Juneteenth is a contraction of June and nineteen, also known as Freedom Day, Jubilation Day, Liberation Day, and Emancipation Day. It is a celebration of the emancipation of those who had been enslaved in the United States. Originating in Galveston, Texas, it is now officially celebrated annually on the 19th of June in 47 states. It is commemorated on the anniversary date of the June 19, 1865 announcement by Union Army General Gordon Granger, proclaiming freedom from slavery in Texas.
In many ways, Juneteenth is more important than the reading of Lincoln’s Emancipation Proclamation. It took the intention of the Emancipation Proclamation and made it universal – almost two and a half years after the signing- to include the border states and the frontier of Texas – the last outposts of slavery.

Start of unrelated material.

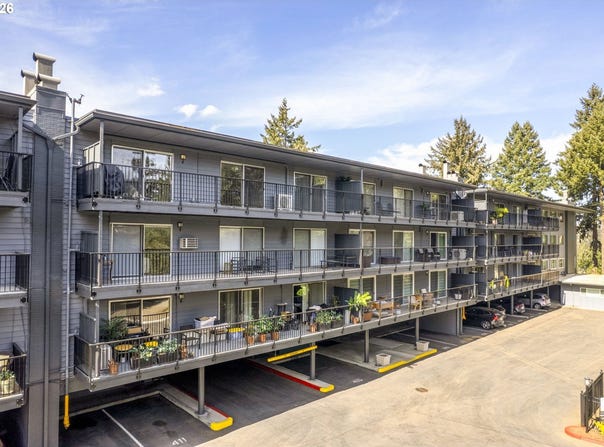 200 BURNHAM Rd, LakeOswego, OR 97034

While the Emancipation Proclamation declared that as of January 1, 1863, all enslaved people in the states currently engaged in rebellion against the Union “shall be then, thenceforward, and forever free” the Proclamation itself didn’t actually free any of the approximately 4 million men, women and children held in slavery in the United States when it was signed the following January. The document applied only to enslaved people in the Confederacy, and not to those in the border states that remained loyal to the Union. But its symbolic power was enormous, as it announced freedom for enslaved people as one of the North’s war aims, alongside preserving the Union itself.
As the tide of the war turned in favor of preserving the Union and against the Confederacy, black Americans were welcomed into the Union Army and were integral in helping to defeat the Confederate cause thus paving the way for the more permanent and universal remedy – the 13th amendment to the Constitution.
The Importance of Juneteenth in Chester County
The fight for individual freedom and abolition has a long history that predates the 19th century. The Philadelphia area and Chester County with the locus in Kennett Square was a hotbed of Underground Railroad activity and the universal fight for freedom.
The Underground Railroad, a vast network of people who helped fugitive slaves escape to the North and to Canada, was not run by any single organization or person. Rather, it consisted of many individuals, both white and black. It was an organized system to assist runaway slaves that began towards the end of the 18th century.
In 1786, George Washington complained about how one of his runaway slaves was helped by a “society of Quakers, formed for such purposes.” The system grew, and around 1831 it was dubbed “The Underground Railroad,” after the then-emerging steam railroads. The system even used terms used in railroading: the homes and businesses where fugitives would rest and eat were called “stations” and “depots” and were run by “stationmasters,” those who contributed money or goods were “stockholders,” and the “conductor” was responsible for moving fugitives from one station to the next. Each “conductor” knew only of their own local efforts to aid fugitives and not of the overall operation.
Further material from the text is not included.